Sincan Uygur Özerk Bölgesi'ndeki Uygur Türklerinin ve diğer Müslüman toplulukların temel insan haklarını ihlal eden uygulamaların özellikle son iki yıl içerisinde ağırlaştığına ve uluslararası toplumun gündemine taşındığına işaret eden Aksoy, özellikle Ekim 2017'de "Tüm Dinlerin ve İnançların Çinlileştirilmesi" siyasetinin resmen ilan edilmesinin, Uygur Türklerinin ve bölgedeki diğer Müslüman toplulukların etnik, dini ve kültürel kimliklerinin tasfiye edilmesi hedefi doğrultusunda atılmış yeni bir adım olduğunu vurguladı.

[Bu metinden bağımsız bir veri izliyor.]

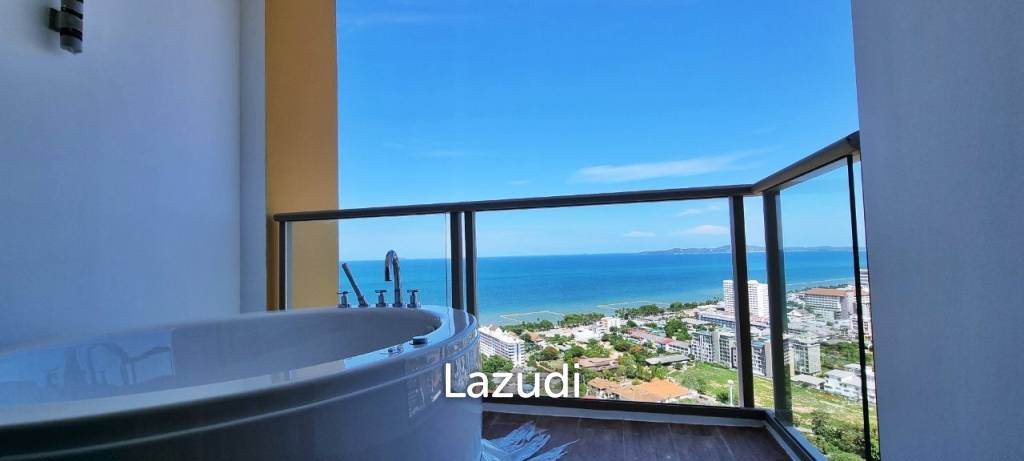 รูป 1 Bed 1 Bath 43.40 SQ.M. The Riviera Ocean Drive - รูปที่ 10/10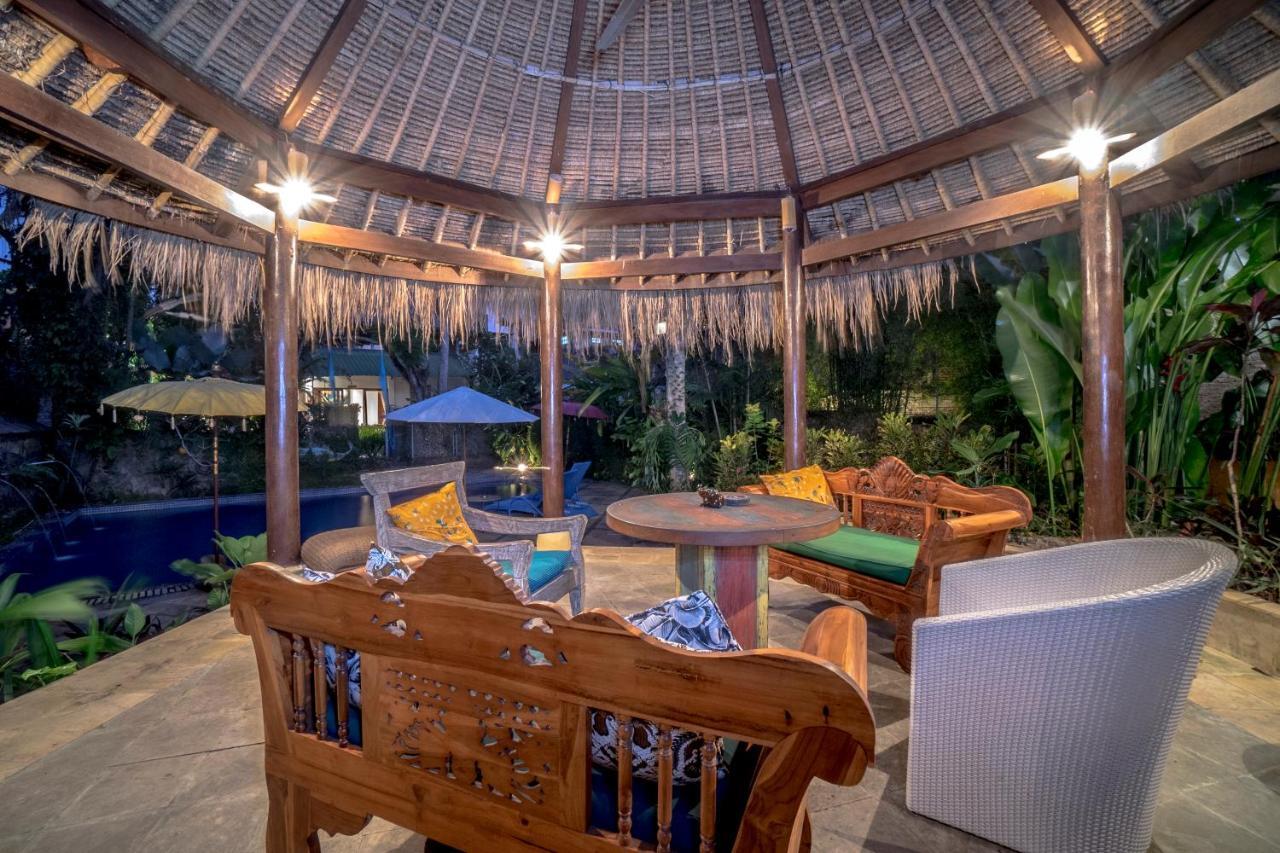 Gajah Biru Bungalows Ubud Dış mekan fotoğraf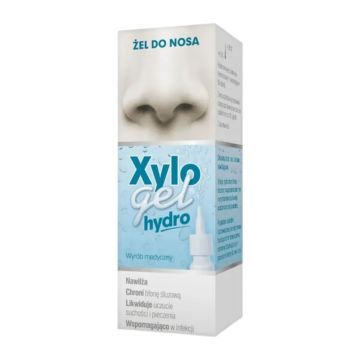 Xylogel hydro, żel do nosa, 10 g (atomizer)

Aksoy, açıklamasında, "Keyfi tutuklamalara maruz kalan bir milyondan fazla Uygur Türk'ünün toplama kamplarında ve hapishanelerde işkence ve siyasi beyin yıkamaya maruz bırakıldıkları artık bir sır değildir. Kamplarda alıkonmayan Uygurlar da büyük baskı altında bulunmaktadır. Yurtdışında yaşayan Uygur asıllı soydaş ve vatandaşlarımız bu bölgedeki akrabalarından haber alamamaktadır. Binlerce çocuk ebeveynlerinden uzaklaştırılmış, yetim kalmıştır. 21. yüzyılda toplama kamplarının yeniden ortaya çıkması ve Çin makamlarının Uygur Türklerine yönelik sistematik asimilasyon politikası insanlık adına büyük bir utanç kaynağıdır." ifadesini kullandı.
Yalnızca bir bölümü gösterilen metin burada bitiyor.